Reflections as a Voter during the Centennial of Women’s Suffrage

American suffragists began their organized fight for women’s equality in 1848 during the first women’s rights convention in Seneca Falls, New York publicly demanding the vote for the first time. For 72 years, suffragettes marched, demonstrated, and fought for the right to cast a ballot. 
In 1919, the movement gained its first legislative win on the federal level. According to the Commission on the Women’s Vote Centennial, the U.S. House of Representatives finally approved the Susan B. Anthony Amendment, which guaranteed women the right to vote, on May 21. The U.S. Senate passed it shortly thereafter, and the 19th Amendment went to the states, where it had to be ratified by 3/4ths of the 48 states that made up our nation at that time. By a razor-thin vote of 50-47, Tennessee became the last state needed to ratify the 19th Amendment on August 18, 1920. Secretary of State Bainbridge Colby issued a proclamation declaring the 19th Amendment ratified and part of the US Constitution on August 26, 1920, and the American woman’s right to vote was legally protected forever.

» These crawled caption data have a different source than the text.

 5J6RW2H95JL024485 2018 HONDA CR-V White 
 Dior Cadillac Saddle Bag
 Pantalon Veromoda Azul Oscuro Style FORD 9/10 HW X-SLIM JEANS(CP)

The same source reports that 68 million women in this country vote in our elections. It is a hard-won right that most women exercise casually, as they should. But it is one that many women (and men) exercise not at all, which they ought. 
In honor of this Centennial celebration of women getting the vote, which happens to fall in an election year, Howell County News sat down with Jane Bailey, retired educator and community leader, to discuss the suffragettes’ fight and what it means to voters today. 

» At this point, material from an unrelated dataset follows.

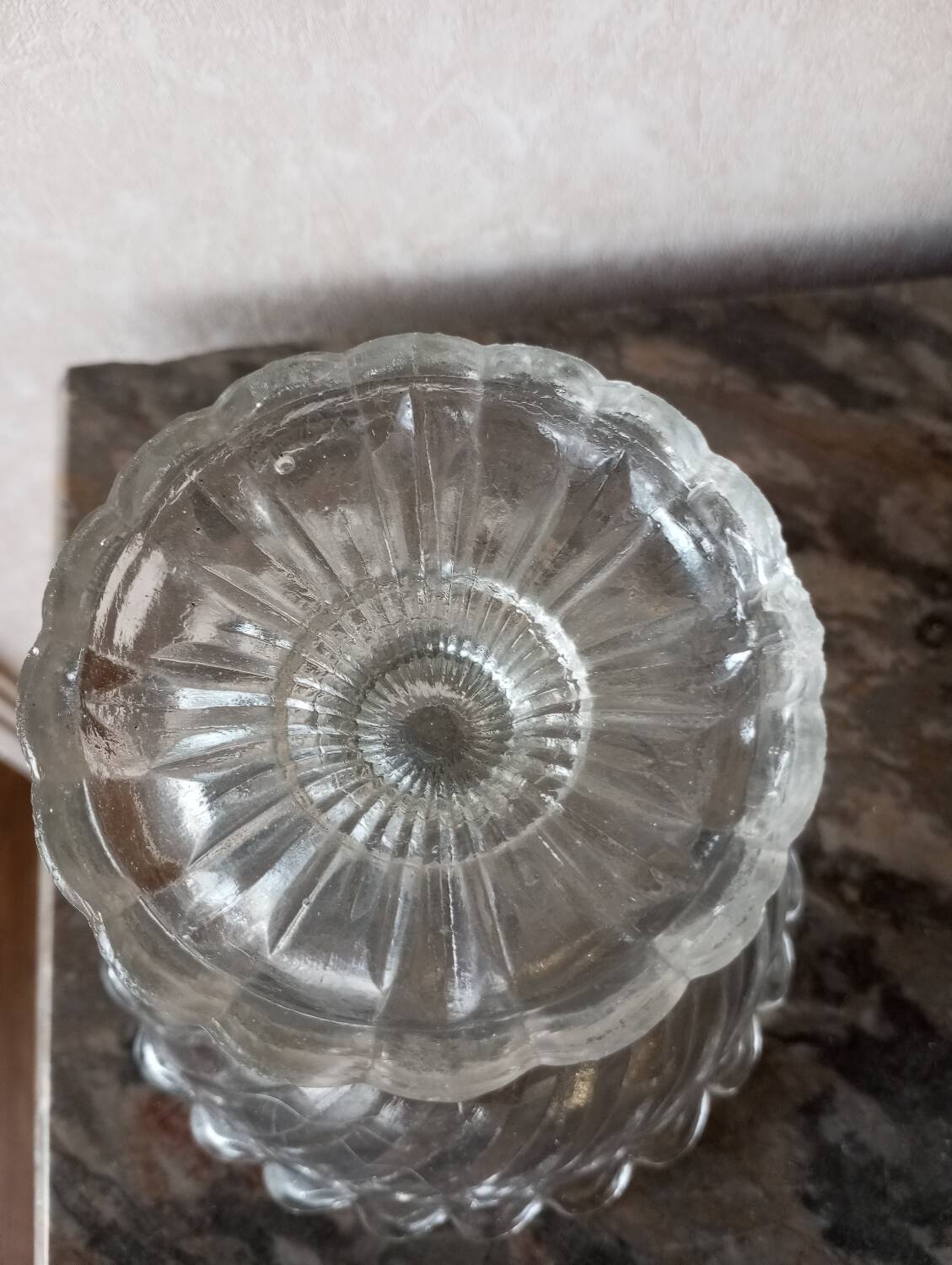 Bonbonnière verre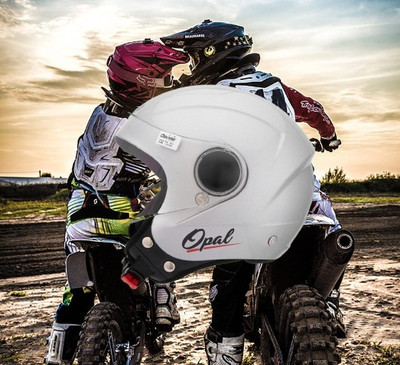 OZONE JSR_OPEN-FACE_HELMET_JBB_SUPER QUALITY_SAFETY_ABVG_@19 Motorbike Helmet(White)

Mrs. Bailey detailed the aggressive philosophy of one suffragette who lived to see her life’s work come to fruition: Alice Paul.
Paul’s organization, the National Women’s Party, was the more radical wing of the movement, said Bailey. Their tactics were inspired by the success of English suffragette, Emmeline Pankhurst, who affected change in the British government by, “...public demonstrations, arson, and sabotage. They destroyed artwork and assaulted Cabinet members.” said Bailey, “[Paul was inspired that women must be the aggressors.”
“No one would ever give them the vote. They must take it. She was ready to wage warfare in order to get the vote. This movement, to me, was violent,” she concluded.
In 1910, not one politician was supporting the suffrage movement in the U.S. In 1913, Paul conducted a massive demonstration the day before Woodrow Wilson was inaugurated. Five thousand demonstrators marched, and they were attacked by men and boys on the street, an event which made headlines nationally. Women picketed the White House, lighting bonfires and hanging signs that appealed to the president directly to take action. 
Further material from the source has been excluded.